That’s a good question. The update loop is basically a callback that’s called each the engine renders a new frame to be displayed on canvas.

Animation in games follows the same pattern as TV/movies: still images are displayed fast enough (20-60 times per second) to give the illusion of movement.

So, for any of your methods that involve something moving or changing something gradually in your scene, you should be using some form of the update method.

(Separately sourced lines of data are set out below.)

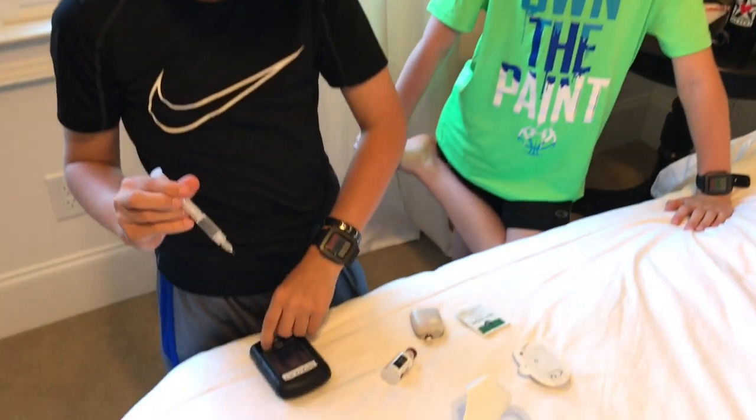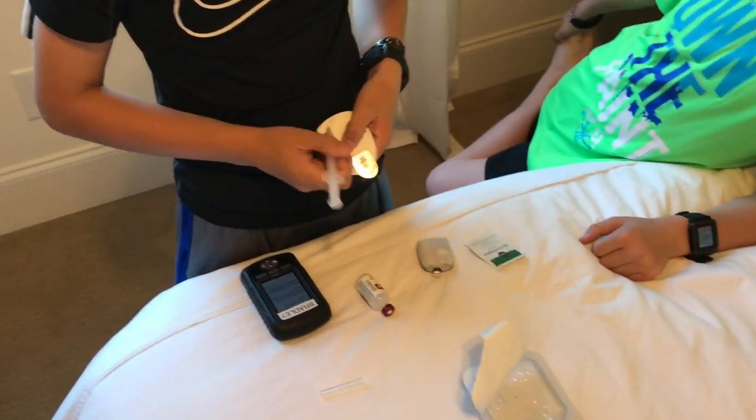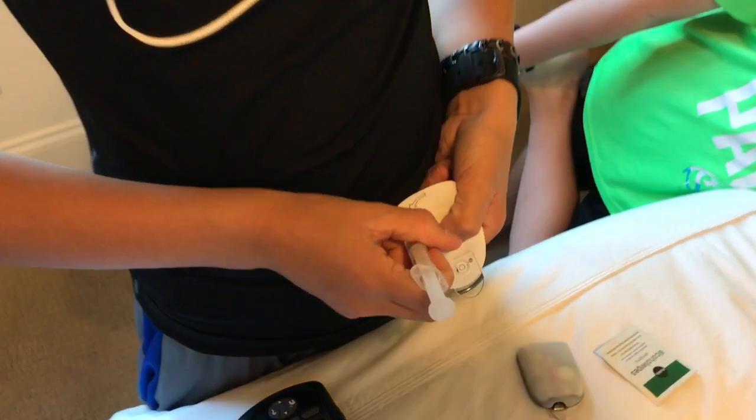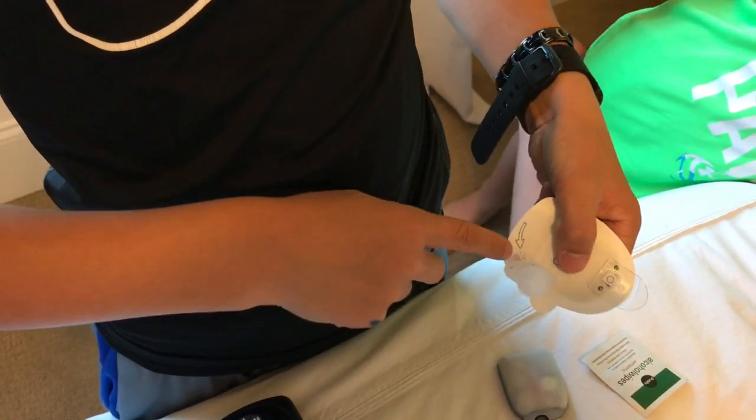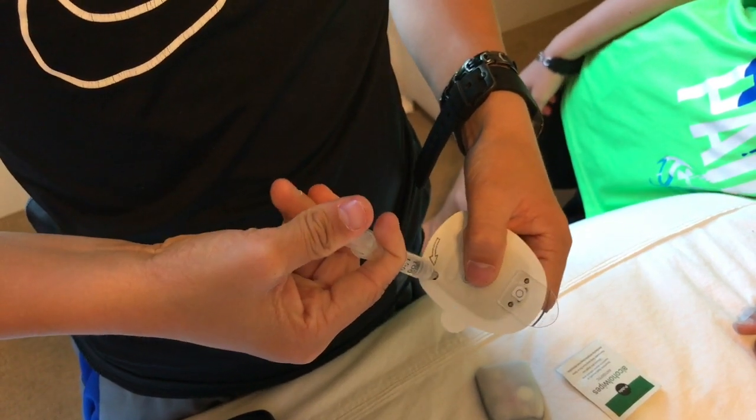Now that there's a good amount of air out, take the new pod and put it right there — the needle goes right in the middle of that soft part. Then push all of the insulin in.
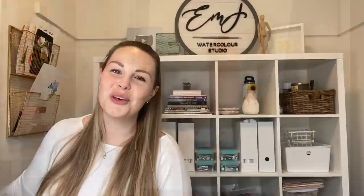And there you go — there is your cardinal in the snow. Thank you all so much for watching my video. I really hope you liked it and I hope you learned something. Don't forget to subscribe to this channel and follow me on Instagram for even more. Have a great day, guys. Bye.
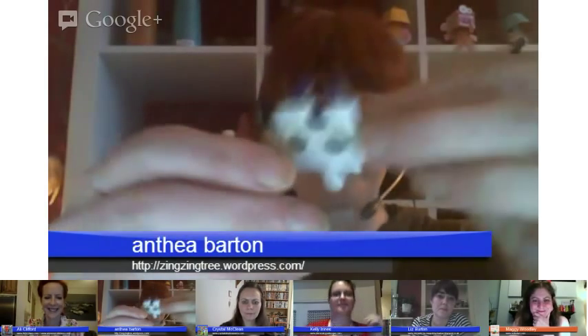Passing over to Anthea. Hi, I'm Anthea from Zing Zing Tree and Blue Bear Wood. I've done a couple of things with puzzle pieces. I've made some little alien faces that are very easy to make — you could turn these into badges, magnets, stick them on cards, or stick them into pictures. I'm actually going to make a little picture frame full of them.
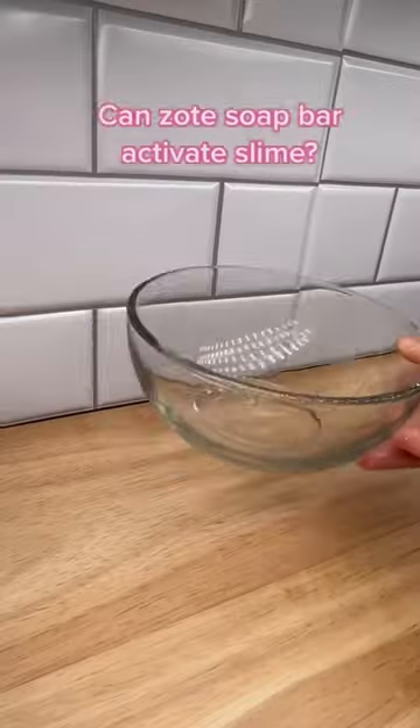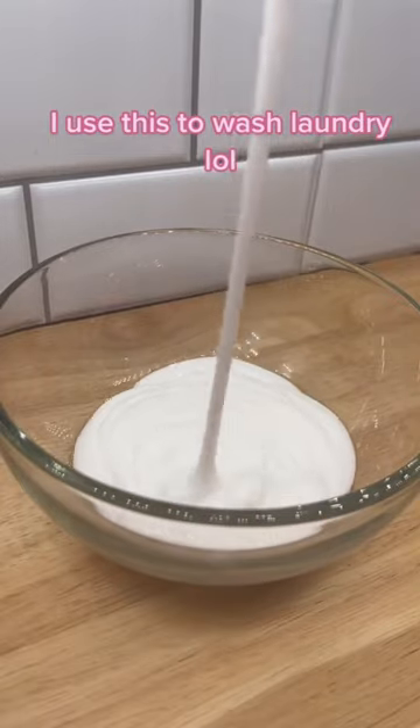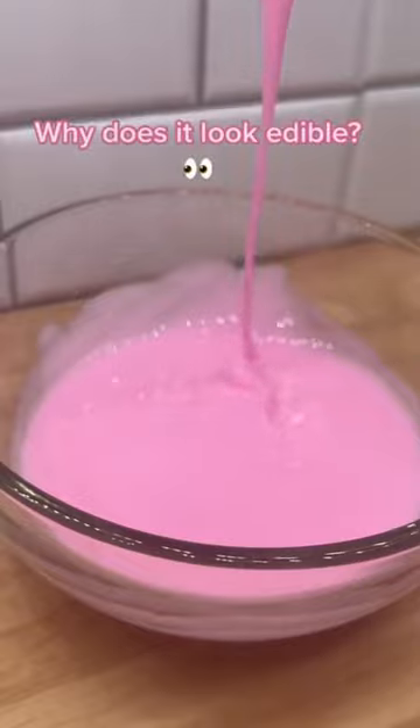Can Zote's soap bar activate slime? It's a Zote — I use this to wash laundry. I think borax and Zote are made with similar ingredients. Why does it look edible?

Your input handlers (keydown) will execute as soon as the input device registers new input (mouse click, mouse move, keydown etc).

Some other APIs have their own internal update method, for example Playcanvas tweens. To animate an object with a tween you setup its settings and then call start(). The tween library will start positioning/rotating/scaling that object once per frame until it reaches the final value.

I hope this makes sense.


Can you clarify this?

Let’s say PC guarantees to emit update 60 times per second in the perfect world. Are the PC input handlers also on this exact same loop (as opposed to document.addEventListener())?

I think so, but this is quite easy to test:

  • put one console.log() in your update loop
  • another one in your keydown event handler

And check how often each one fires.

Good idea… The answer is no! Update is 60 times per second, but mousemove event from the engine itself may be over 1000 times per second.

Thanks for sharing, it makes sense that event handlers will fire as soon as the input device fires the event. I am going to edit my initial message above.

Not sure how you can get 1000 mouse moves in between a frame render, testing it now seems quite impossible.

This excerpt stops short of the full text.